Eve’s been blogging on the poetry magazine Fence’s decision to run a summer cover featuring the unclothed chest appendages of one of the Suicide Girls (warning to the squeamish: don’t click!), a bevy of Goth-porn young ladies who specialize in revealing quite a bit of pierced and tattooed flesh. The bodacious cover moved un unbelievable number of copies of that issue of Fence (because you know how poetry usually sells)–but also stirred up criticism among poets annoyed that their time-honored profession had stooped to vending pornography. One of the critics was feminist poet/left columnist Katha Pollitt, who can often sound unhinged but made some sound points contra the usual argument that there’s something “liberated” about revealing your mammary glands to the general public.

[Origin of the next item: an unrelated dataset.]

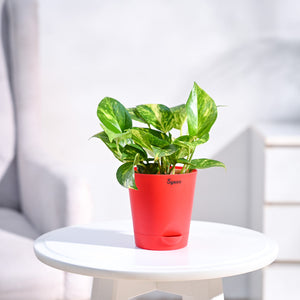 Money Plant Variegated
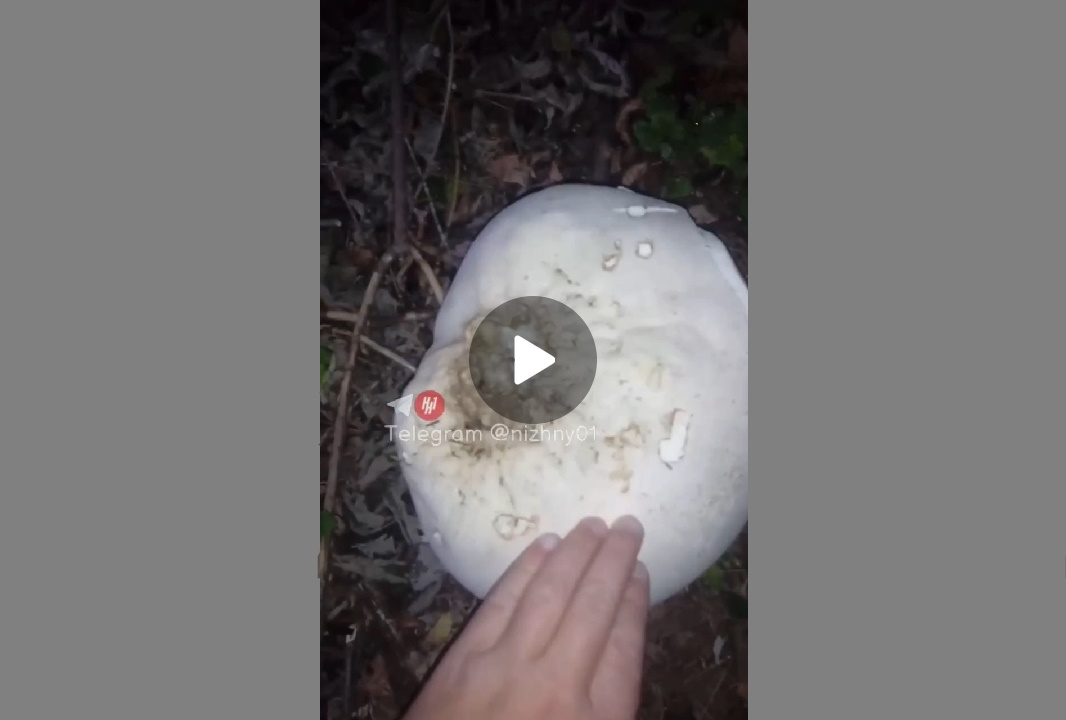 Житель Балахнинского района обнаружил в лесу поляну с гигантскими грибами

Eve commented:
“Has pornography become so normalized that even our best literary editors use it to market their journals? As Pollitt pointed out, the Suicide Girls themselves claim that they are being exploited by the site owners. Is sexual self-objectification a kind of suicide? Perhaps more people will read poetry because of the summer cover choice of Fence; is it worth it? I am not going to try to answer these questions. I am just placing them here among a community of writers and readers who earnestly (not ironically) respect these kinds of questions.”
This provoked a response in Wendy’s comments section from Pollitt herself pointing out, natch, that the problem isn’t feminism; it’s men:
“What I do believe is that feminism hasn’t gotten us far enough– to economic, social, cultural equality. I think if women were not subordinate they would not be seen as the bearers of sexuality (more than men, that is) and men as the consumers of it. In that world, maybe there would be lots of naked photos used to sell poetry magazines, or maybe there would be none — but it wouldn’t be just WOMEN”S photos.”

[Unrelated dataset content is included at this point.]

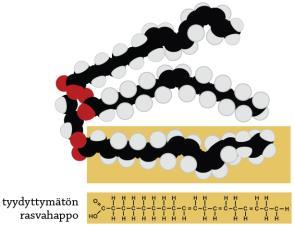 Lipidit eli rasva-aineet Koostuvat hiilestä, vedystä ja hapesta.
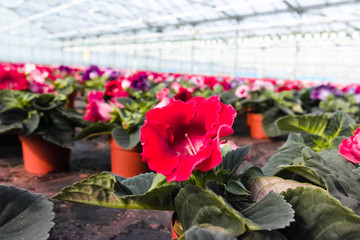 Gloxinia flowering colorful houseplants cultivated as decorative or ornamental flower, growing in greenhouse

Which in turn provoked this response from conservative lesbian Norah Vincent (always a sensible voice) pointing out to Pollitt that–uh–men and women are different, and that even in Pollitt’s feminist utopia they’ll be ice-skating in hell before women start snapping up poetry mags or any other kind of mags because there’s a guy in his birthday suit on the cover:
“[Men] will consume a seemingly endless supply of pictures of naked women, and as long as that is true, which will be forever, someone will want to make a buck selling men what they want. Women, on the other hand, appear to be far less interested in buying pictures of naked men than in buying pictures of chocolate cake. I jokingly call magazines like Martha Stewart Living and Saveur and Food & Wine women’s porn. I mean seriously, have you looked carefully at the extreme close-ups of those baked goods, lovingly splayed and moist? And can you really say that you haven’t felt a, shall we say, less than modest frisson at the prospect of ‘consuming’ just such an item?
“But seriously, vendors sell what people want to buy. If women consumed more pictures of naked men–if they expressed (with their pocketbooks) more of a demand for them– there would be more Playgirls out there, simply because there would be money to be made in printing them. The marketplace knows no political prejudice. It goes where the money is, whorishly so, and always will. The mostly naked pictures of men that do exist in the marketplace are usually used to advertise men’s underwear, and they are aimed at a gay male audience, which, like other men, is motivated by pretty flesh. They also happen to be in the market for some cool underwear.”
I know of few places on the Internet where you can find a blog comments section this high in quality. No wonder Mona Charen finds Wendy’s blog as exciting as I do.